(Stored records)
- - -

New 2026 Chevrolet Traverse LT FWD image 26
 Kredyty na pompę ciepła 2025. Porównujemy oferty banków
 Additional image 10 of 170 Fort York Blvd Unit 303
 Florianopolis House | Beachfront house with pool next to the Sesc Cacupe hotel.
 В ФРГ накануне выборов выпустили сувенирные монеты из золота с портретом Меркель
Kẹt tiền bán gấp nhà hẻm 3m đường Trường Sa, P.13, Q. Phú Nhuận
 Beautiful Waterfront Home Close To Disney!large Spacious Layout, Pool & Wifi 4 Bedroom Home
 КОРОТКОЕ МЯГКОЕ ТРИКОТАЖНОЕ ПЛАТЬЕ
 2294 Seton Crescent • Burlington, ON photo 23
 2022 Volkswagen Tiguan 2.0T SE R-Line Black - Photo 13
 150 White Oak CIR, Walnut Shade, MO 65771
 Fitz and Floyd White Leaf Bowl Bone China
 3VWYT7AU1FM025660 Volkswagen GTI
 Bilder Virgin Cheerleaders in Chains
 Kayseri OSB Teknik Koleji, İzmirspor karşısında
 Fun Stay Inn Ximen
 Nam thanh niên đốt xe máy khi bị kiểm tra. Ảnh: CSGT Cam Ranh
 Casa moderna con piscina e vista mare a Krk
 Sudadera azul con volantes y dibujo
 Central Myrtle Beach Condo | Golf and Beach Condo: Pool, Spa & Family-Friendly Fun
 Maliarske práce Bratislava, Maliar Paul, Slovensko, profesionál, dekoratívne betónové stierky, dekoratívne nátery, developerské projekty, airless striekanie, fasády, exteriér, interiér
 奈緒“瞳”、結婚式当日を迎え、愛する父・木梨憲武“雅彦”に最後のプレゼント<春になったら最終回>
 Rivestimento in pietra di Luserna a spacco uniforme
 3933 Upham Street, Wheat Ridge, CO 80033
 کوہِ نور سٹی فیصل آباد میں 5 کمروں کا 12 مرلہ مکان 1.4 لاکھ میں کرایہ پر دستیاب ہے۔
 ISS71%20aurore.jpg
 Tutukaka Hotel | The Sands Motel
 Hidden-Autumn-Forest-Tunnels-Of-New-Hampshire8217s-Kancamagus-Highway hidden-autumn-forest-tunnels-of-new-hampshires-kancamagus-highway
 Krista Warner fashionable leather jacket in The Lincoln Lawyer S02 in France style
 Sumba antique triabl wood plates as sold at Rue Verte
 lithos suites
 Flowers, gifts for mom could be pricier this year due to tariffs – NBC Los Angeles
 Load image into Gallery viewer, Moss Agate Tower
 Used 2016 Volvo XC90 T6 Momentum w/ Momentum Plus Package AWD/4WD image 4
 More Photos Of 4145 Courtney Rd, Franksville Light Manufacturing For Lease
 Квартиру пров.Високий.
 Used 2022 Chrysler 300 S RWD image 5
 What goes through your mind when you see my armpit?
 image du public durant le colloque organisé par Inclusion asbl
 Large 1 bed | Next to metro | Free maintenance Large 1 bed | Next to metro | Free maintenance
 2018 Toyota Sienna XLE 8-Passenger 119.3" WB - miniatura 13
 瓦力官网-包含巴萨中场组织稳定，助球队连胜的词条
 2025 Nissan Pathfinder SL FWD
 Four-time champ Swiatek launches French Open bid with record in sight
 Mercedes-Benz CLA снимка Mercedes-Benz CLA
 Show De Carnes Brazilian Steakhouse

- - -

- **Work instruction**: Look over the entries above. Copy every line that contains the word "Used".

- **Task result**:
 Used 2016 Volvo XC90 T6 Momentum w/ Momentum Plus Package AWD/4WD image 4
 Used 2022 Chrysler 300 S RWD image 5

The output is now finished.